There is just swap to keep in mind but if the system is not swapping heavily, even there is swap space used, it usually keeps “unneeded junk” which does not need to factor in the calculation.

If you’re using Percona Monitoring and Management you will see it in Memory Utilization:

Percona Monitoring and Management memory utilization

And in the Swap Activity graphs in the “Node Summary” dashboard:

swap activity

If you’re running multiple processes that share system resources, things get complicated because there is no one-to-map mapping between “used”  memory and process.

Let’s list just some of those complexities:

  • Copy-on-Write semantics for “fork” of the process – All processes would share the same “used” memory until process modifies data, only in this case it gets its own copy.
  • Shared memory –  As the name says, shared memory is a memory that is shared across different processes.
  • Shared Libraries –  Libraries are mapped into every process which uses it and are part of its memory usage, though they are shared among all processes which use the same library.
  • Memory Mapped Files and Anonymous mmap()  –  There are a lot of complicated details here. For an example, check out Memory Mapped Files for more details. This discussion on StackExchange also has some interesting bits.

With that complexity in mind let’s look at the “top” output, one the most common programs to look at current load on Linux. By default, “top” sorts processes by CPU usage so we’ll press “Shift-M” to sort it by (resident) memory usage instead.

The first thing you will notice is that this system, which has only 1GB of physical memory, has a number of processes which has virtual memory (VIRT) in excess of 1GB.

For various reasons, modern memory allocators and programming languages (i.e. GoLang) can allocate a lot of virtual memory which they do not really use so virtual memory usage has little value to understand how much real memory a process needs to operate.

Now there is resident memory (RES) which shows us how much physical memory the process really uses.  This is good… but there is a problem.
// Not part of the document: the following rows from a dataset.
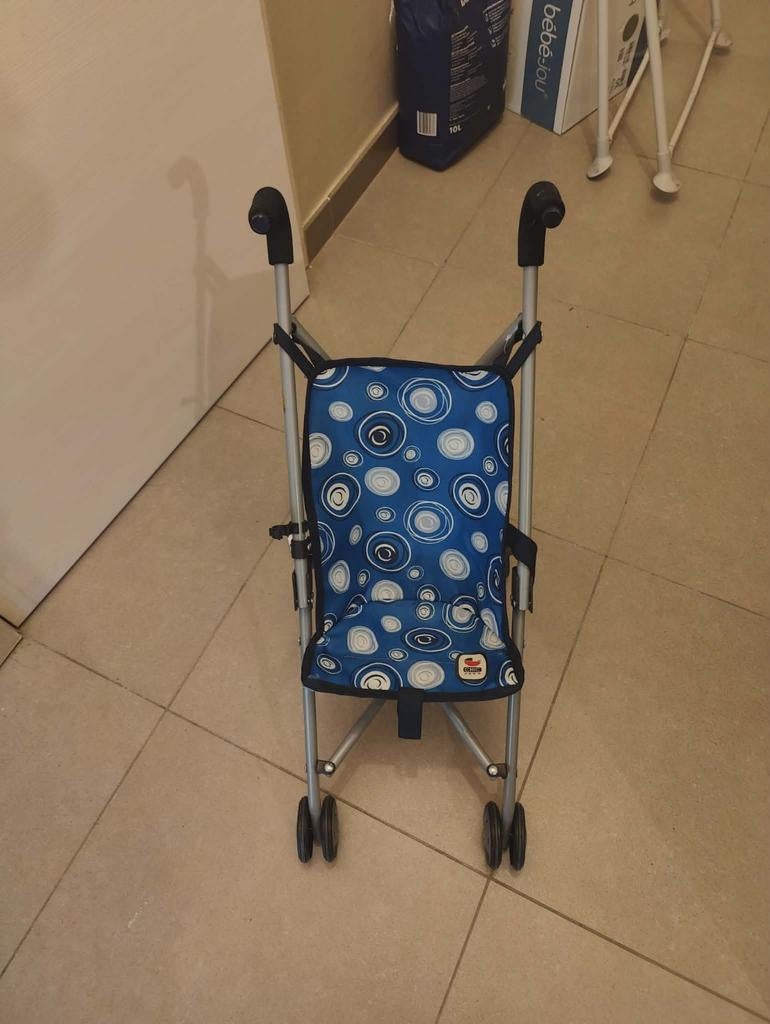 Kinderwagen voor speelgoed, Ophalen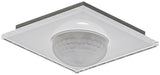 MDT SCN-G360K3.03 Glaspräsenzmelder 360° m.Konstantlichtreg.+Temperatursen. Weiß
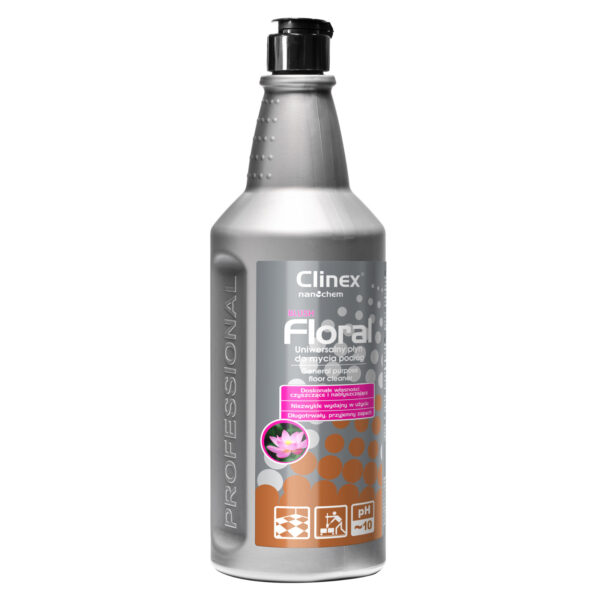Płyn do mycia podłóg bez smug połysk zapach CLINEX Floral - Blush 1L 1 1011338 77 893 5907513273592 clinex floral blush 1l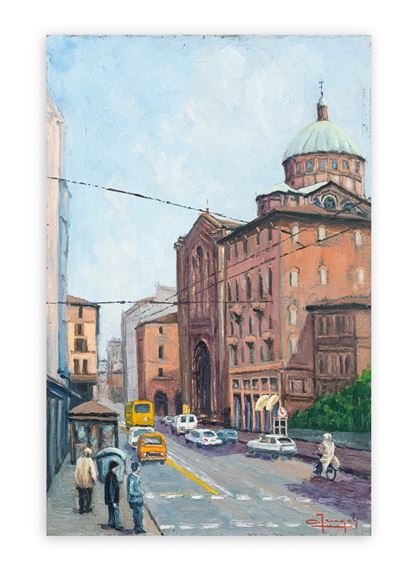 Sacro Cuore - Bo by Orlando Mengoli, 1983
Memory can be non-resident either because it was not really “used” and exists as virtual memory only, or because it was swapped out.

If we look into the stats kernel actually provides for the process we’ll see there is more data available:

root@PMM2Server:~# cat /proc/3767/status
Name:   prometheus
Umask:  0022
State:  S (sleeping)
Tgid:   3767
Ngid:   0
Pid:    3767
PPid:   3698
TracerPid:      0
Uid:    1000    1000    1000    1000
Gid:    1000    1000    1000    1000
FDSize: 256
Groups: 1000
NStgid: 3767    17
NSpid:  3767    17
NSpgid: 3767    17
NSsid:  3698    1
VmPeak:  3111416 kB
VmSize:  3111416 kB
VmLck:         0 kB
VmPin:         0 kB
VmHWM:    608596 kB
VmRSS:    291356 kB
RssAnon:          287336 kB
RssFile:            4020 kB
RssShmem:              0 kB
VmData:  1759440 kB
VmStk:       132 kB
VmExe:     26112 kB
VmLib:         8 kB
VmPTE:      3884 kB
VmSwap:   743116 kB
HugetlbPages:          0 kB
CoreDumping:    0
Threads:        11
SigQ:   0/3695
SigPnd: 0000000000000000
ShdPnd: 0000000000000000
SigBlk: fffffffe3bfa3a00
SigIgn: 0000000000000000
SigCgt: fffffffe7fc1feff
CapInh: 00000000a80425fb
CapPrm: 0000000000000000
CapEff: 0000000000000000
CapBnd: 00000000a80425fb
CapAmb: 0000000000000000
NoNewPrivs:     0
Seccomp:        2
Speculation_Store_Bypass:       vulnerable
Cpus_allowed:   1
Cpus_allowed_list:      0
Mems_allowed:   00000000,00000000,00000000,00000000,00000000,00000000,00000000,00000000,00000000,00000000,00000000,00000000,00000000,00000000,00000000,00000000,00000000,00000000,00000000,00000000,00000000,00000000,00000000,00000000,00000000,00000000,00000000,00000000,00000000,00000000,00000000,00000001
Mems_allowed_list:      0
voluntary_ctxt_switches:        346
nonvoluntary_ctxt_switches:     545

VmSwap is a particularly interesting data point, as it shows the amount of memory used by this process which was swapped out.

VmRSS+VmSwap is a much better indication of the “physical” memory the process needs. In the case above, it will be 1010MB, which is a lot higher than 284MB of resident set size but also a lot less than the 3038MB “virtual memory” size for this process.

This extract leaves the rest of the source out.